Помню, как в том же году, в воскресный день ноября, поздним вечером, в дом мой верхом и без огней приехала жена моя, Мария; на следующее утро дали завтрак для самых близких родных; это было сделано, чтобы устраивать как можно меньше празднеств и торжеств, ибо время было такое, что все лучшие и мудрые люди неохотно задавали пиры.
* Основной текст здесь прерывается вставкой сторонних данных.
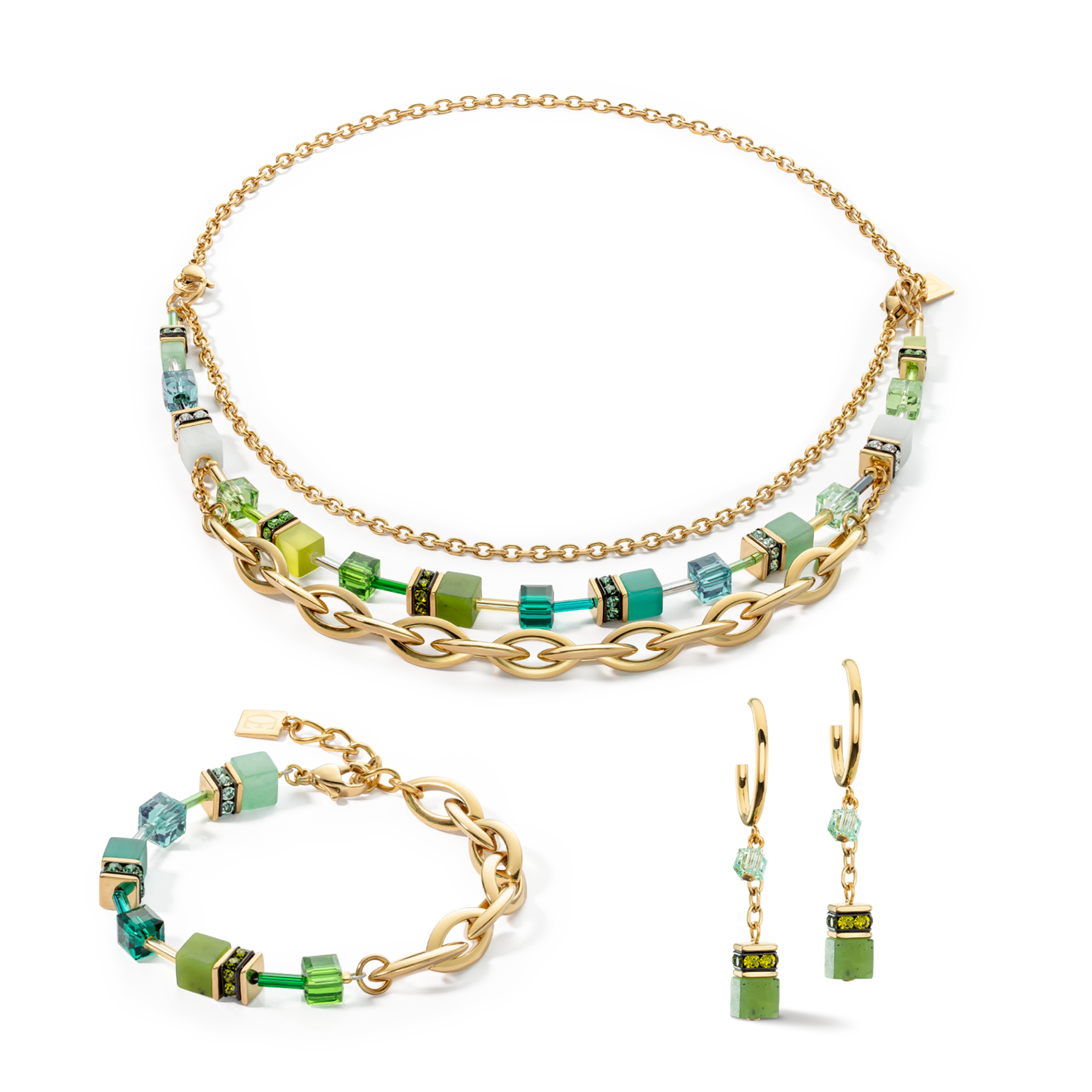 Ohrringe Creole GeoCUBE® Festive Layer gold-grün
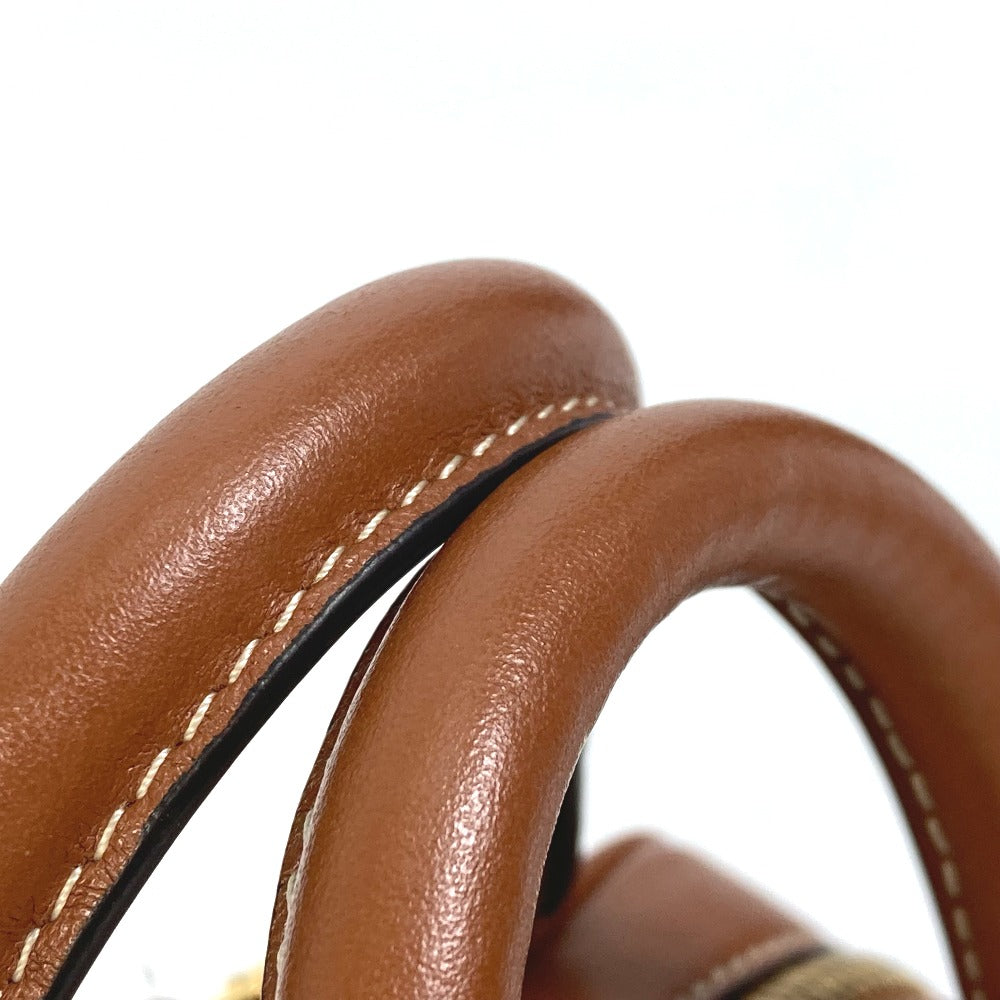 CELINE Heart Medium Logo 2-Way Handbag, Pochette, Crossbody Bag, Shoulder Bag, Leather, Women's, Brown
Помню, как 22 декабря того же года подтвердил я, что мной получено от Аламанно Сальвиати в счет приданого названной Марии, моей жены и его дочери, одна тысяча сорок неполноценных флоринов; в действительности я уже раньше получил наличными тысячу флоринов, переданных отцу моему, Пьеро, и уплаченных через банк Панцани, и, кроме того, еще двести флоринов, ценившихся гораздо выше. По договору между нами я не был обязан брать в счет двух тысяч флоринов больше двухсот флоринов наличными деньгами; поэтому Аламанно внес мне только эту сумму; кроме того, было мне предоставлено на три года право пользования его домом на улице Сан Броколо, в котором обычно жил мессер Франческо Гуальтеротти, а сумма, остающаяся до двух тысяч флоринов, должна была поступить на мой счет; дело в том, что девушка должна была получить из Monte девятьсот шесть флоринов процентных денег, которые, однако, еще не наросли и поэтому нельзя было их признать; между тем признание двух тысяч флоринов обязывало платить налог. По условиям нашего договора Аламанно должен был взять приданое из Monte, и приходилось платить налог еще до того, как проценты нарастут.
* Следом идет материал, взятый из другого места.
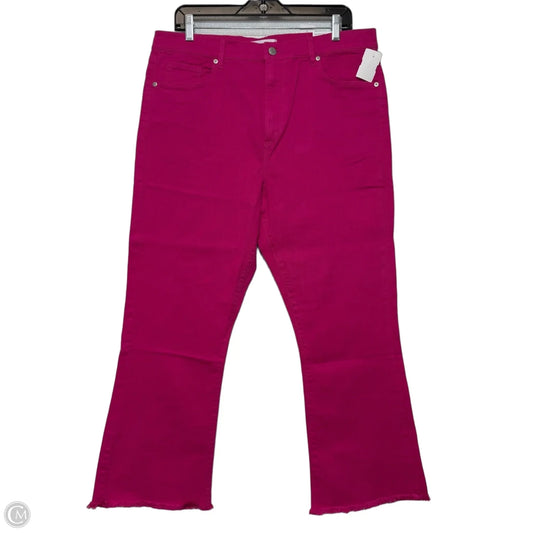 Jeans Boot Cut By Loft In Pink Denim, Size: 14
Делалось это не для того, чтобы принести ущерб городу, а для того, чтобы не платить налог с двух тысяч девятисот шестидесяти флоринов, потому что в действительности их было не больше двух тысяч. Присутствовал при этом отец мой, Пьеро, и оба мы за величину приданого поручились; в тот же день Микеле да Колле, который был со стороны Сальвиати, уплатил налог с одной тысячи сорока флоринов, а сер Джованни Лапуччи составил акт о приданом; 5 февраля я получил извещение, что приданое больше двух тысяч десяти флоринов и что налог с него не уплачен; 24 февраля соответствующие инстанции признали меня правым шестью черными записками.
Помню, как в январе этого года заключен был с лукканцами союз на три года, и так как надлежало отправить в Лукку посла, чтобы принести им поздравление и вместе с тем последить, как они ведут себя в пизанских делах, я выступил, по указанию Якопо Сальвиати, соискателем этой должности при выборах в коллегии восьмидесяти[232] и в первый раз в жизни предложил себя на место посла; так как ни я, ни другие не имели успеха, то в конце концов избран был мой отец, Пьеро, собравший больше половины голосов, а на его место выбран был впоследствии Джованни Баттиста Бартолини.
Помню, как 13 февраля того же 1508 года капитаны больницы дель Чеппо, которых насчитывается двенадцать человек, состоящих в должности пожизненно, должны были доизбрать в свою среду еще двух капитанов вместо умерших Нери Ринуччини и Джованни Минербетти, и на выборах присутствовало восемь капитанов, так что требовалось получить семь черных записок, и выбранными оказались Томмазо Спини и я, по указанию тестя моего, Аламанно Сальвиати. Должность была малозначительная, но избрание это было почетным, если иметь в виду высокое положение людей, в обществе которых нам предстояло быть, именно Доменико Мацинги, Пьетро Ленци, Джоваккино Гуаскони, Никколо дель Неро, Алессандро Манелли, Бартоломмео Бенчи, Джованни Баттиста Бартолини, Аламанно Сальвиати, присутствовавших на выборах; Адовардо Каниджани и Бартоломмео, сына Паньоццо Ридольфи. Я получил семь черных и одну белую записку, которую подал Джоваккино Гуаскони. При первом голосовании избран был Томмазо Спини, я же и другие подверглись этому испытанию три раза; так как никто не получал требуемого большинства, а у меня, было две трети голосов и нехватало одного, то меня единственно выставили вновь, и я прошел восемью черными записками; говорили, что Алессандро Манелли, подавший сначала белую записку, подал потом черную.